Work request
For each entry that follows, produce an exact copy.

Data extracts
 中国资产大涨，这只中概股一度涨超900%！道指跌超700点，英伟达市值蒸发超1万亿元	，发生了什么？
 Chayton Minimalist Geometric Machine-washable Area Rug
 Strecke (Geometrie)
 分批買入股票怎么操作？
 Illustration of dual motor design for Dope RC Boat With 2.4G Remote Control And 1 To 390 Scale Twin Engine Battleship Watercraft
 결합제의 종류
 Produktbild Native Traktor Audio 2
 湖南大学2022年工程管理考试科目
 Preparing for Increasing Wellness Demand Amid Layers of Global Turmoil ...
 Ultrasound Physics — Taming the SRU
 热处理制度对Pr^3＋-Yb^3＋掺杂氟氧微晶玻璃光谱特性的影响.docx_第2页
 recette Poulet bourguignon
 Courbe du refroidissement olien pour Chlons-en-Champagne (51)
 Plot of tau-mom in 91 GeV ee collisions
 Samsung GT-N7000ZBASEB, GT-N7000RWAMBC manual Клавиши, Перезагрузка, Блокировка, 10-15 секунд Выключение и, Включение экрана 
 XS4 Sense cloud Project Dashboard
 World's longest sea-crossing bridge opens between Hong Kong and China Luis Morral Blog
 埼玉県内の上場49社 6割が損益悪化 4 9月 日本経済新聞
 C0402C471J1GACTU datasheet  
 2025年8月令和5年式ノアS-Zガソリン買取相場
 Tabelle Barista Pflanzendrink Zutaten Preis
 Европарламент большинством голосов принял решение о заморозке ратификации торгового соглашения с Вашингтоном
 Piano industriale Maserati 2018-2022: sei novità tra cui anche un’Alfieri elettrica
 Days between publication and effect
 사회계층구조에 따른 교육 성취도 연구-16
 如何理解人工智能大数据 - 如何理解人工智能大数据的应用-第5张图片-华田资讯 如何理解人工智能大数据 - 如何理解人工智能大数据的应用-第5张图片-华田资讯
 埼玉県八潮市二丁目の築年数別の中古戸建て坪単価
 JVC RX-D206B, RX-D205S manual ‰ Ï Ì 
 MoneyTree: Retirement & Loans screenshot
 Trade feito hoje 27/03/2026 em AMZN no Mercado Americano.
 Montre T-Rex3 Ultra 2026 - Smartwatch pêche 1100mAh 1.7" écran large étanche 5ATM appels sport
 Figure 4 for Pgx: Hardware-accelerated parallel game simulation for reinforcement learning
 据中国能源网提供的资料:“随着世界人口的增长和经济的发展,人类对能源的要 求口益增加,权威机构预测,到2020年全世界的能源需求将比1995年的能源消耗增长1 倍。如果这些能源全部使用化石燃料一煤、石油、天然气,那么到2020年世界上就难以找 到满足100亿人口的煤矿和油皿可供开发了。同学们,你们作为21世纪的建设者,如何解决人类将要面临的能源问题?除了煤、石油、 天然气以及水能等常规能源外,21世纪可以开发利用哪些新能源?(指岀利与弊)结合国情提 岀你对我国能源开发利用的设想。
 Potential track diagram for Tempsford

Task solution
 中国资产大涨，这只中概股一度涨超900%！道指跌超700点，英伟达市值蒸发超1万亿元	，发生了什么？
 Chayton Minimalist Geometric Machine-washable Area Rug
 Strecke (Geometrie)
 分批買入股票怎么操作？
 Illustration of dual motor design for Dope RC Boat With 2.4G Remote Control And 1 To 390 Scale Twin Engine Battleship Watercraft
 결합제의 종류
 Produktbild Native Traktor Audio 2
 湖南大学2022年工程管理考试科目
 Preparing for Increasing Wellness Demand Amid Layers of Global Turmoil ...
 Ultrasound Physics — Taming the SRU
 热处理制度对Pr^3＋-Yb^3＋掺杂氟氧微晶玻璃光谱特性的影响.docx_第2页
 recette Poulet bourguignon
 Courbe du refroidissement olien pour Chlons-en-Champagne (51)
 Plot of tau-mom in 91 GeV ee collisions
 Samsung GT-N7000ZBASEB, GT-N7000RWAMBC manual Клавиши, Перезагрузка, Блокировка, 10-15 секунд Выключение и, Включение экрана 
 XS4 Sense cloud Project Dashboard
 World's longest sea-crossing bridge opens between Hong Kong and China Luis Morral Blog
 埼玉県内の上場49社 6割が損益悪化 4 9月 日本経済新聞
 C0402C471J1GACTU datasheet  
 2025年8月令和5年式ノアS-Zガソリン買取相場
 Tabelle Barista Pflanzendrink Zutaten Preis
 Европарламент большинством голосов принял решение о заморозке ратификации торгового соглашения с Вашингтоном
 Piano industriale Maserati 2018-2022: sei novità tra cui anche un’Alfieri elettrica
 Days between publication and effect
 사회계층구조에 따른 교육 성취도 연구-16
 如何理解人工智能大数据 - 如何理解人工智能大数据的应用-第5张图片-华田资讯 如何理解人工智能大数据 - 如何理解人工智能大数据的应用-第5张图片-华田资讯
 埼玉県八潮市二丁目の築年数別の中古戸建て坪単価
 JVC RX-D206B, RX-D205S manual ‰ Ï Ì 
 MoneyTree: Retirement & Loans screenshot
 Trade feito hoje 27/03/2026 em AMZN no Mercado Americano.
 Montre T-Rex3 Ultra 2026 - Smartwatch pêche 1100mAh 1.7" écran large étanche 5ATM appels sport
 Figure 4 for Pgx: Hardware-accelerated parallel game simulation for reinforcement learning
 据中国能源网提供的资料:“随着世界人口的增长和经济的发展,人类对能源的要 求口益增加,权威机构预测,到2020年全世界的能源需求将比1995年的能源消耗增长1 倍。如果这些能源全部使用化石燃料一煤、石油、天然气,那么到2020年世界上就难以找 到满足100亿人口的煤矿和油皿可供开发了。同学们,你们作为21世纪的建设者,如何解决人类将要面临的能源问题?除了煤、石油、 天然气以及水能等常规能源外,21世纪可以开发利用哪些新能源?(指岀利与弊)结合国情提 岀你对我国能源开发利用的设想。
 Potential track diagram for Tempsford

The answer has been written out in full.